On insistait l’autre jour (cf. L’Eco du Matin de mercredi dernier : la politique économique américaine en question) sur le caractère dysfonctionnel de Washington. Le marché paraît bien s’être emparé de cette question et deux évènements ou développements récents viennent le justifier. Tout d’abord, le Président Trump refuse de signer des engagements de dépense permettant de financer certains programmes fédéraux. Au titre d’un Congrès qui n’arrive pas à se mettre d’accord sur le financement d’un mur à la frontière entre les Etats-Unis et le Mexique. La Chambre des représentants (qui conserve une majorité républicaine jusqu’en début d’année prochaine) est favorable, mais pas le Sénat. Une fermeture partielle des administrations centrales s’enclenchera, si un compromis n’est pas trouvé d’ici à ce soir. Bien sûr, les dépenses obligatoires ne devraient pas être concernées par ce shutdown et 75% des dépenses discrétionnaires ont déjà été autorisées. L’impact économique sera très vraisemblablement limité. En se souvenant par ailleurs que ce type d’épisode est habituellement de courte durée ; un arrangement finit normalement par être trouvé. Si le marché s’intéresse au sujet, c’est sans doute parce qu’il est révélateur du fonctionnement politique chaotique de Washington.

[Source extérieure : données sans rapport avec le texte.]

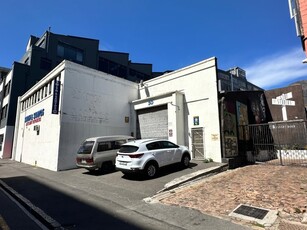 0 Bed Commercial for Sale Woodstock Cape Town City Bowl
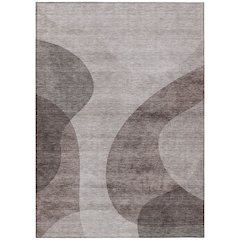 Chantille ACN657 Brown 8' x 10' Rug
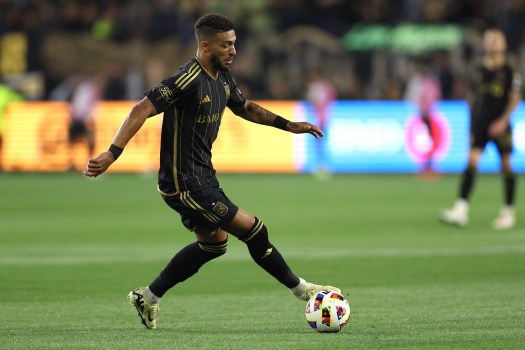 Denis Bouanga a trimis Los Angeles FC la Campionatul Mondial al Cluburilor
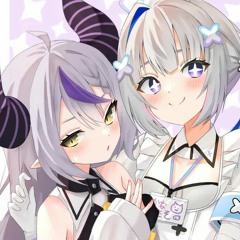 Cynical Nigth Plan シニカルナイトプラン ／ 天音かなた Amane Kanata & ラプラス・ダークネス Laplus Darknesss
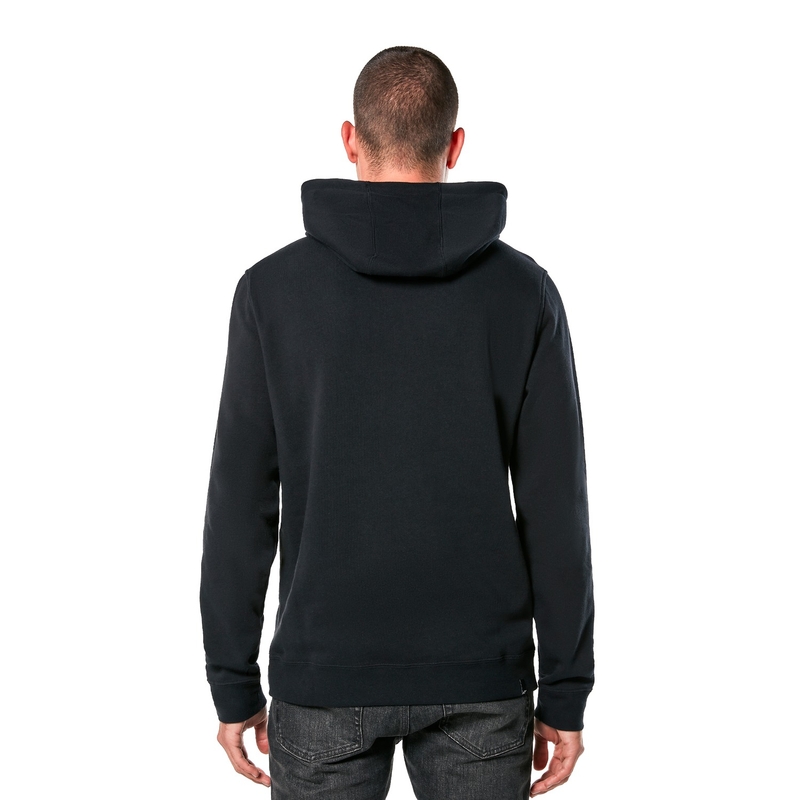 Sweat Alpinestars Ride 4.0 noir-blanc-rouge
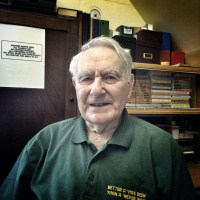 Imperial 2014 Conan Doyle - Ted Molyneux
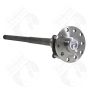 Yukon Gear & Axle YA WD44JKNON-K Yukon Gear 4340 Chromoly Axle for Jeep Non-Rubicon JK Rear 30 spline 32in Long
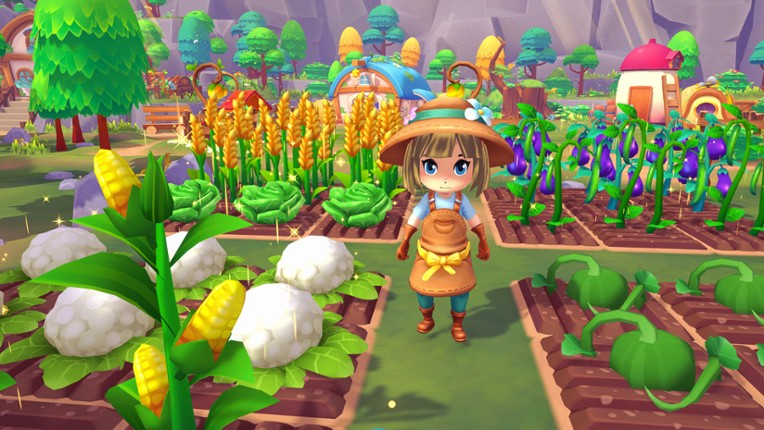 Sugardew Island screenshot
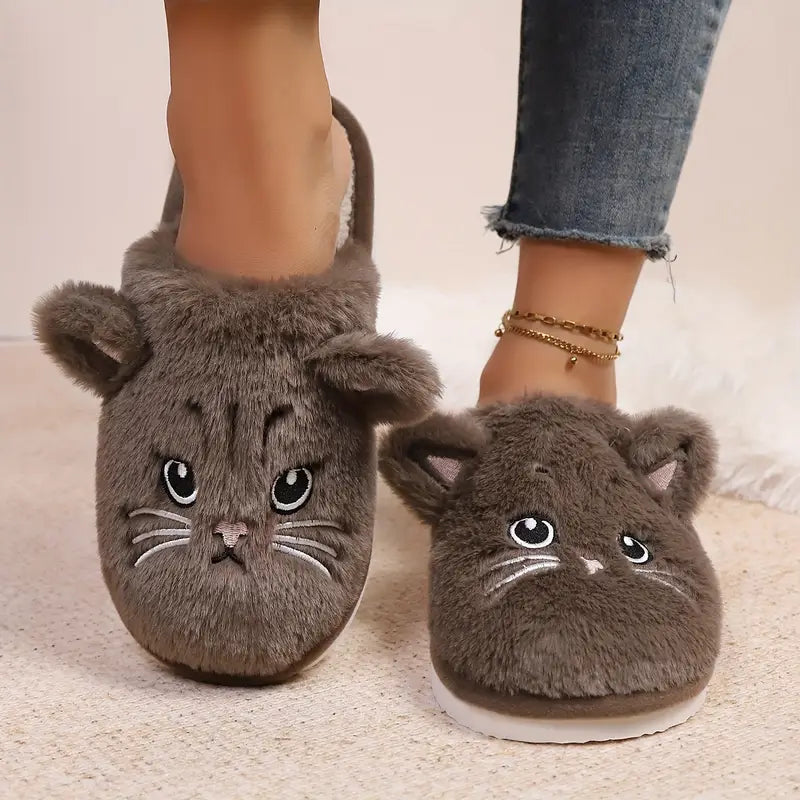 Pantuflas de Gato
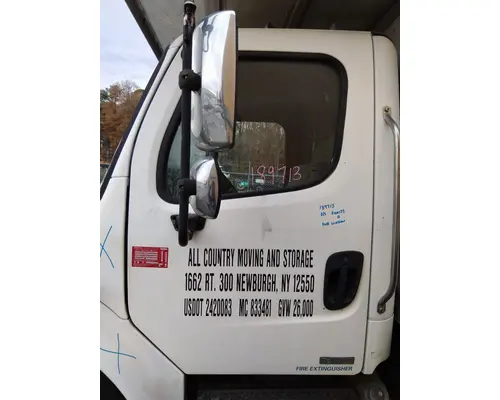 Door Assembly, Front FREIGHTLINER M2 106 2002-2014 LKQ Heavy Truck Maryland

Ainsi et ensuite Jim Mattis, le ministre de la Défense, vient de démissionner. La décision envoie deux messages qui participent de la préoccupation des marchés. Premièrement, l’instabilité importante dans les premiers cercles de la Maison Blanche est confirmée. Comment alors assurer une permanence dans les politiques engagées ? Deuxièmement, Mattis était sans doute l’un des rares garants au sein de l’Administration Trump de l’engagement du pays en faveur de la préservation d’une organisation du monde fondée sur des valeurs libérales. Faut-il redouter un environnement international plus instable ?

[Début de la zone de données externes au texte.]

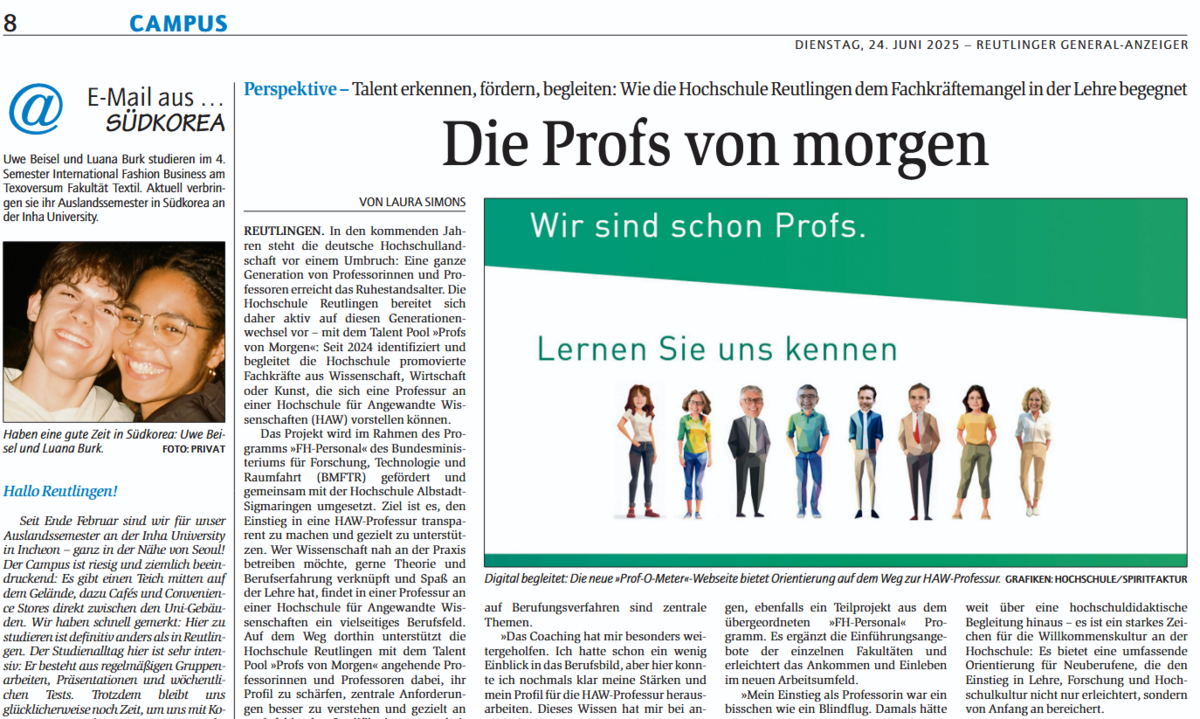 GEA Campusseite Juni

Le marché a au moins en partie raison de questionner le rôle de Washington comme producteur de stabilité dans l’environnement économique et politique. Ce qui ne signifie qu’il soit forcément fondé d’élargir ce regard à la fois critique et inquiet à l’action de la Fed. On l’a vu hier ; les opérateurs et les investisseurs questionnent le diagnostic de la banque centrale américaine. Le message envoyé par les évolutions boursières pointe en direction d’un ralentissement de la croissance économique. Il deviendrait alors contreproductif de poursuivre le relèvement du taux directeur, même à un moindre rythme.

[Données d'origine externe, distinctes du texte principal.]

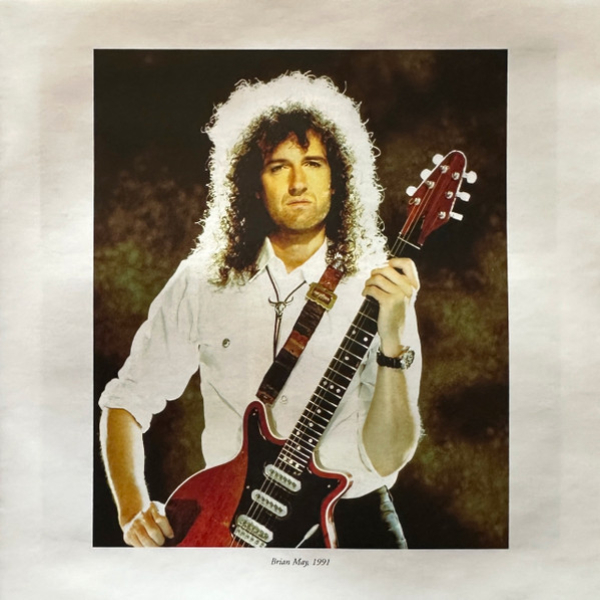 CD-диск Queen – Greatest Hits II - CD - рис.19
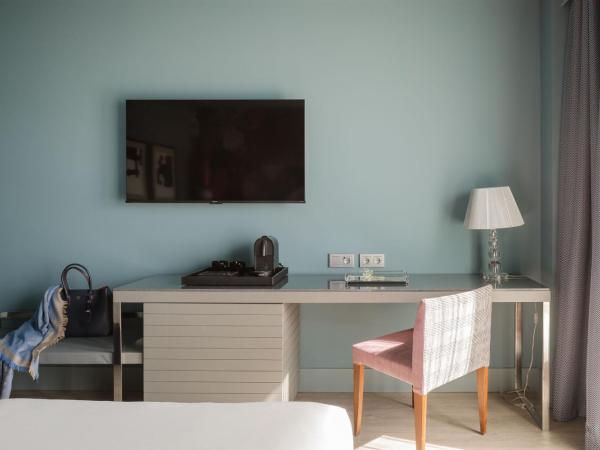 Hotel Antik San Sebastián : photo 10 de la chambre chambre double ou lits jumeaux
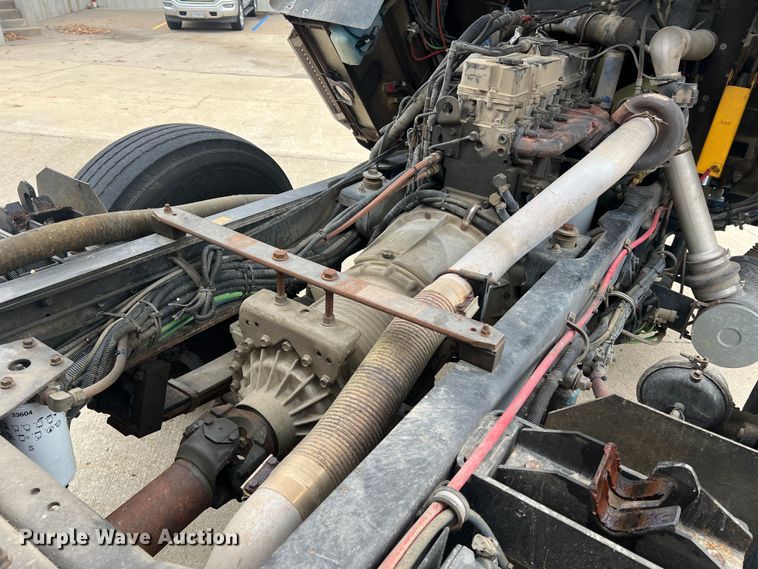 image for item MM9154 2005 Spartan Advantage Pumper  pumper fire truck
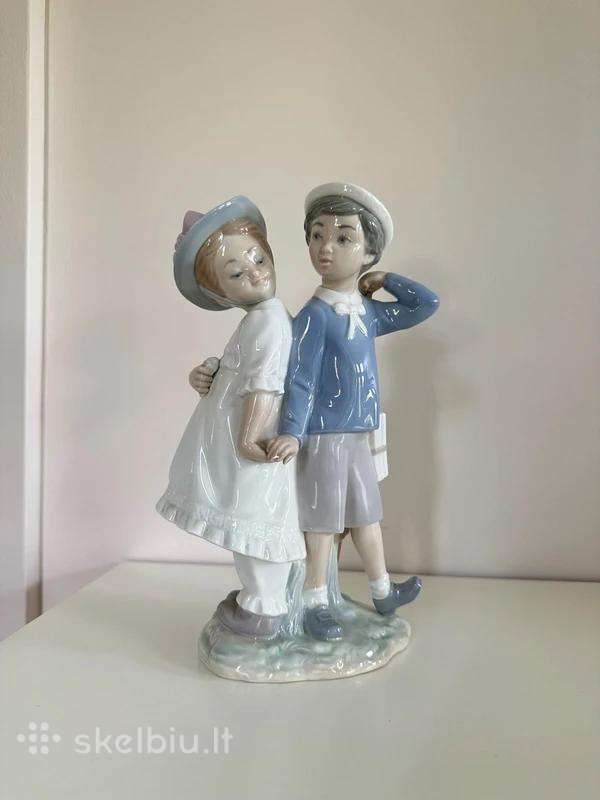 Lladro porceliano figūra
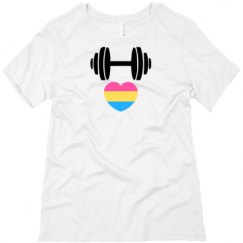 Ladies Relaxed Fit Tee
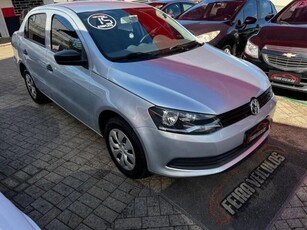 Volkswagen Voyage 1.6 VHT (Flex) 2015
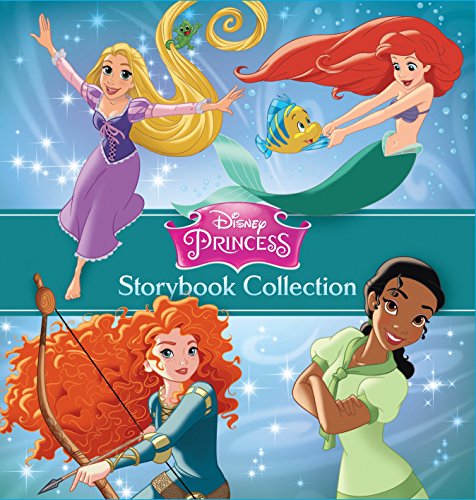 Disney Princess Storybook Collection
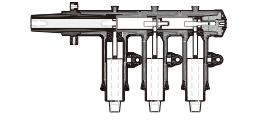 12kV 电缆分支箱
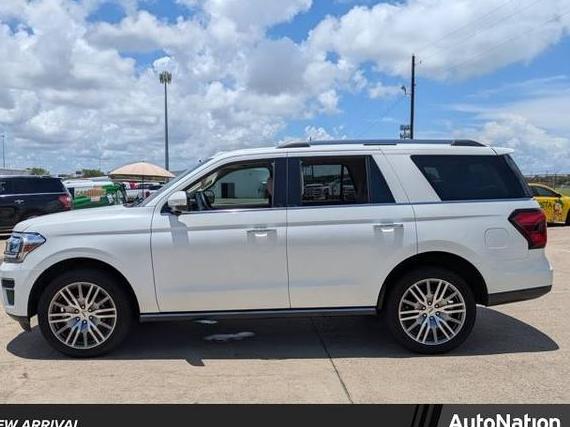 FORD EXPEDITION 2024 1FMJU1K80REA00643 image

Est-ce exact ? Disons deux choses. D’abord, il est vrai que les messages envoyés par les indicateurs économiques et boursiers sont contradictoires. Les premiers sont dans l’ensemble rassurants tandis que les seconds appellent à la vigilance, voire inquiètent. Ensuite, si on suit les relations usuelles observées sur le passé, la dégradation des conditions financières ne semble pas si marquée qu’elle puisse, au moins pour le moment, envoyer un message particulièrement sombre sur le profil de la croissance à l’horizon des prochains trimestres.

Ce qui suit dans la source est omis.